An Israeli law allowing the arrest and detention of illegal immigrants for up to 3 years without trial has been denounced as contrary to basic human rights by Human Rights Watch.
Israel has about 60,000 illegal immigrants from Africa, nearly 1% of the population. Some are from Darfur and South Sudan, and came because they heard that Israel is supporting their cause on human rights grounds. Others are simply looking for a job in one of the region’s most dynamic economies.
Israeli government strategy is to round up Africans in Israel and to hold them in detention centers before expelling them.
Aljazeera English reports on US State Department criticisms that Israel provides no services to asylum-seekers.
While in a recent poll a majority of Jewish Israelis were comfortable with Thai, Filipino or non-Jewish Eastern European immigrants in Israel, some 51% called African illegal immigrants a cancer on society; virtually none of the respondents said they lived near Africans. And, only 19% of Arab Israelis polled had such negative feelings toward the African immigrants.
It is hard to escape some unsavory conclusions here.

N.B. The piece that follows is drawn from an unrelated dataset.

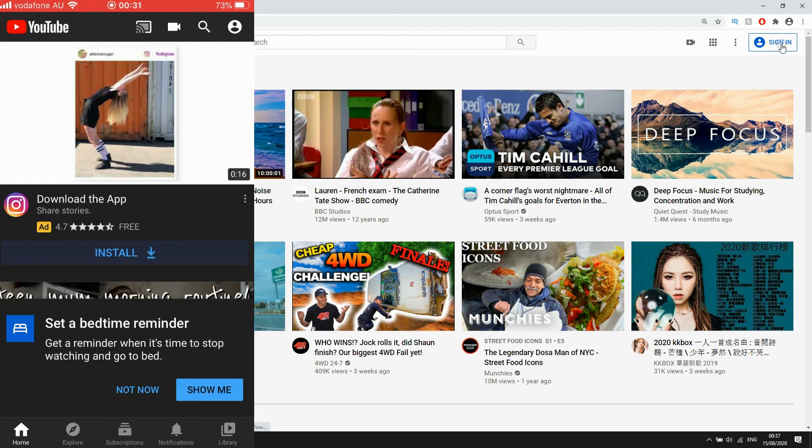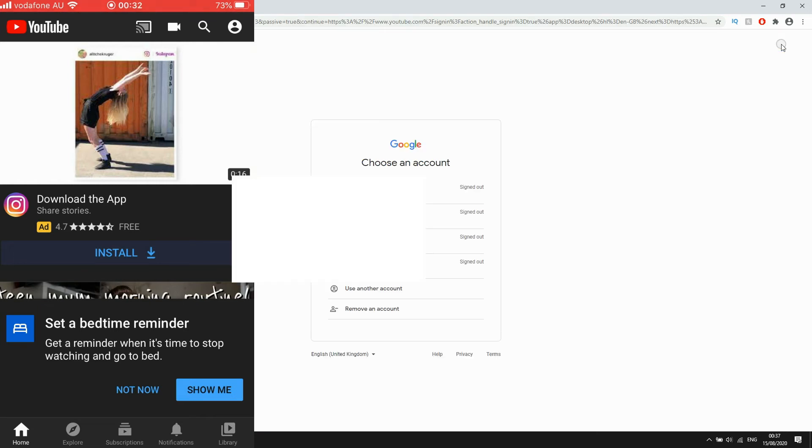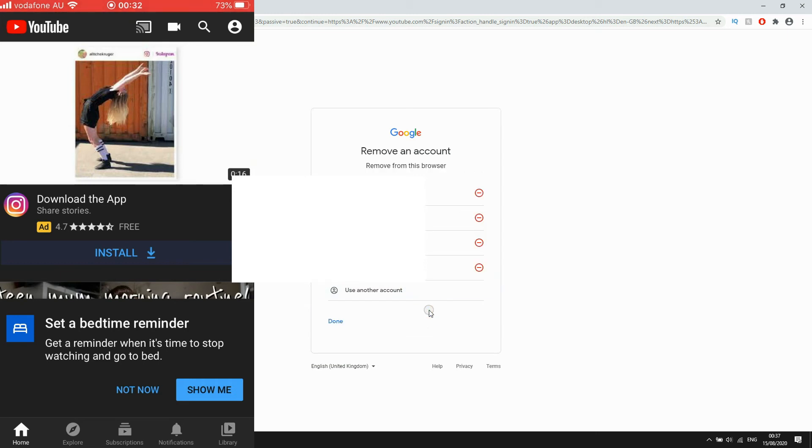then go back to the top right hand corner where it says sign in. Then you will see what it says at the bottom of this choosing account menu. It says remove an account. Click on that.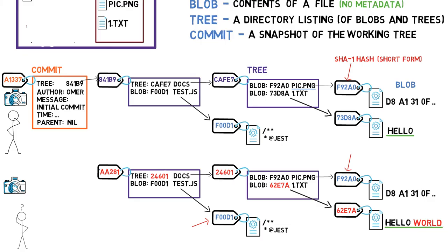So this is the trick. As long as an object doesn't change, we don't store it again. In this case, we don't need to store blob f92a0 and blob f00d1 once more. We only refer to them by their hash values.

One is that Israeli championing of human rights in East Africa is somewhat instrumental and that practical help to Fur people from Darfur, such as giving them asylum and jobs, is not on offer even while pro-Israel groups lead campaigns to criticize the Sudanese government. That is, all states have the right to control their borders and to deport illegal immigrants, but vocal championing of oppressed ethnic groups implies a willingness to establish basic procedures for acceptance of asylum-seekers from among them.
Another is that a lot of Israelis have more problems with African immigrants than with European or Asian ones.
The issue has come to a head recently, with a riot against illegal immigrants from Africa by Jews in Tel Aviv, and a demonstration on Saturday in the same city by Africans demanding rights.
Israel’s government is determined to round up and deport the estimated 1500 Africans from South Sudan, on the grounds that that country is now safe for them, since it seceded from Sudan. In fact, South Sudan is a mess.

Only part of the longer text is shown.